The reasons why he believes most modern occlusion and pitch recognition programs are lacking are listed below.   

  • No adherence to established Principles of light and electromagnetic radiation.     
  • Both involve (CLA) constraint-led approaches that use time and view time for constraints. Unfortunately, those aren’t actual constraints because of the method of application. They aren’t constraining the neurons making space/time. They’re essentially just abstract obstacles.  
  • Each requires cognition and decision-making. Both consume enormous amounts of time and energy.   Therefore, they violate the Laws of Conservation of Energy.    
  • Hitters are learning a skill their brain can’t use in the game because of the specialized nature of the training. Visible pictorial patterns on a TV screen are as far from the real environment as you can get when it comes to actual batting practice. The hitter’s brain is processing raw but well-organized interference patterns within the electromagnetic field during a hitting episode.    
  • Faster swing decisions aren’t the answer. Light (electromagnetic waves or visual information) travels 186,000 mps. The speed of thought (cognition) travels 284 mph. Do the math! Cognitive exercise won’t help hitters overcome that undeniable discrepancy in time.     
  • Blocking out peripheral distractions … ? There are 300 million more peripheral neurons than central vision neurons. They are the gatherers of pertinent information relative to any task. They are instrumental in the prediction process of perception. It makes no sense to arbitrarily omit interference patterns relative to a pitch in flight. If occlusion multiplied or amplified the interference patterns the hitter’s brain is processing then that would be a good thing, but it doesn’t. People with ADHD might benefit on a cognitive level with less information, but not the normal athlete. The law of physics, space and time are one and the same. You can’t arbitrarily just randomly isolate time. Time and space are pre-coupled. It becomes an omission/redaction of vital information.

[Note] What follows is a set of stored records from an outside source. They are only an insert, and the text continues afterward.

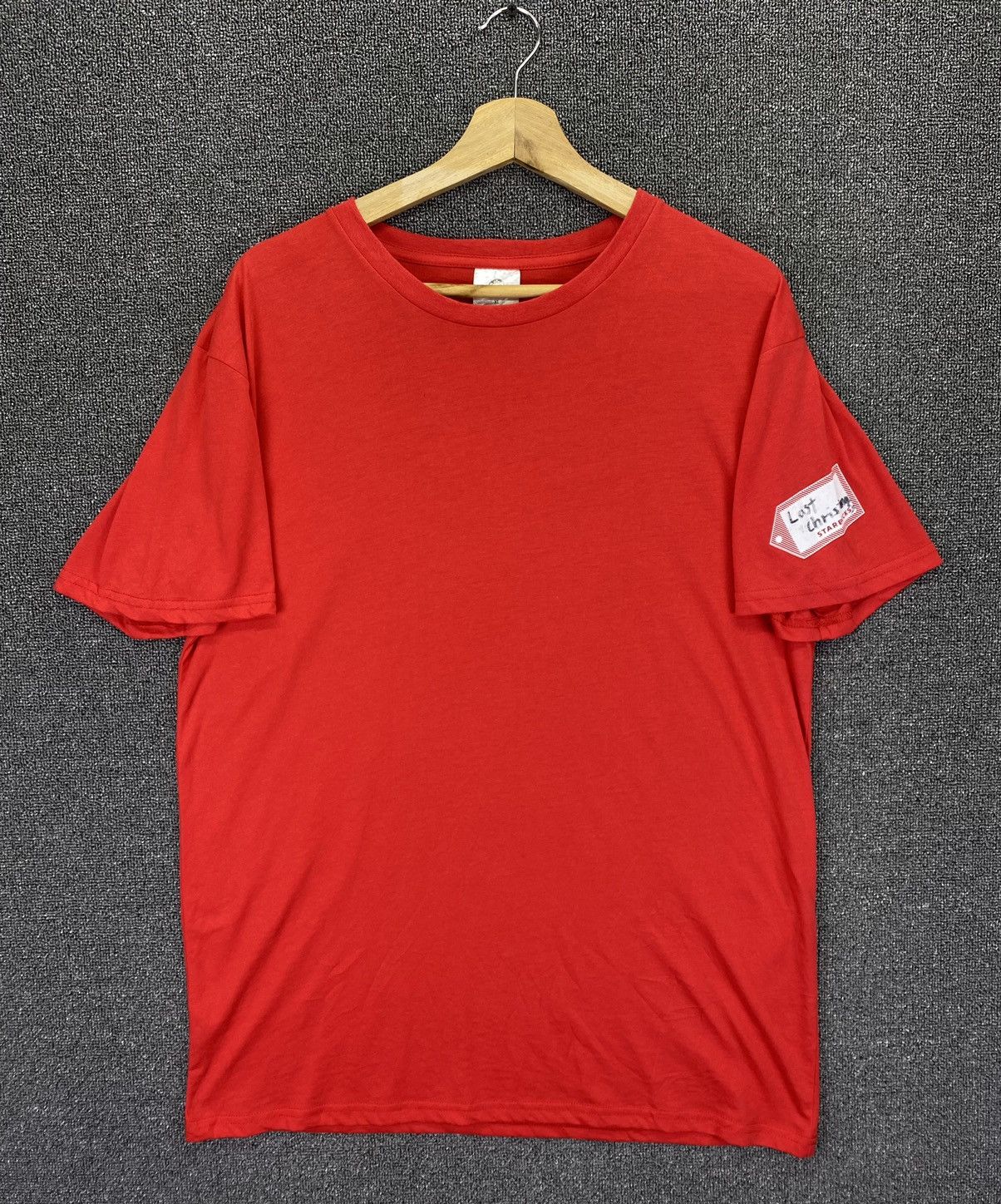 Japanese Brand Starbuck Holiday World Christmas Official Tee T Shirts Size US XL / EU 56 / 4 - 4 Thumbnail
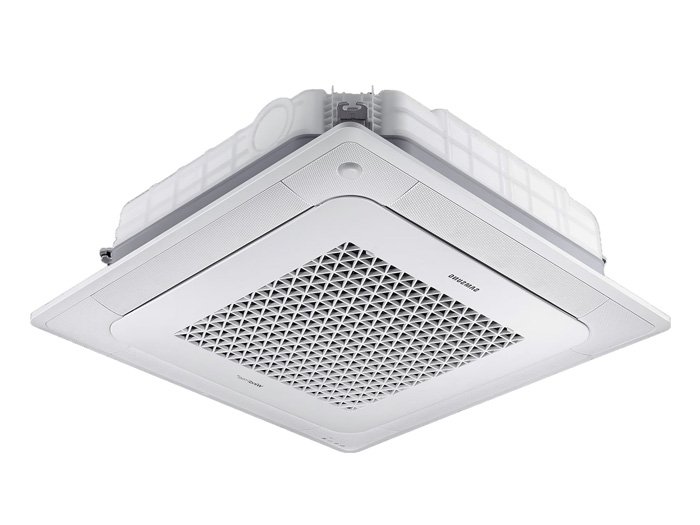 Dấu hiệu miệng gió máy lạnh đang hoạt động không đúng cách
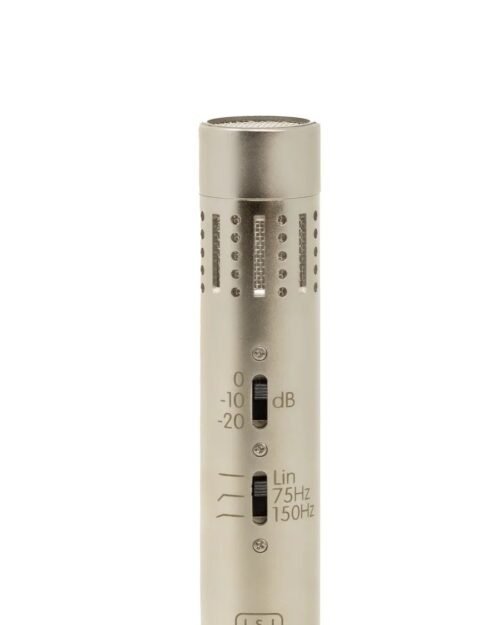 Sontronics-STC-1-Small-Diaphragm-Condenser-Microphone-Silver-4.jpg Sontronics STC-1 - Small-Diaphragm Condenser Microphone - Silver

A lot of science and interesting theories to ponder. 

The article began with one premise. Stay curious and challenge and embrace the “science.” Knowledge is without power if conveyed to the wrong person at the wrong time with the wrong intentions. 

LSU Baseball head coach Jay Johnson on my recent visit with his team summed it up best: 

  • “If you fix your eyes, you fix your swing.”
  • “It’s either a ball or it’s a line drive.” 

Tony Abbatine is a Performance Coach for several NCAA baseball programs in the area of vision and mental skills and lectures across the country on the same topic. He has consulted with over 12 MLB teams and hundreds of players over the last decade in the area of visual psychology.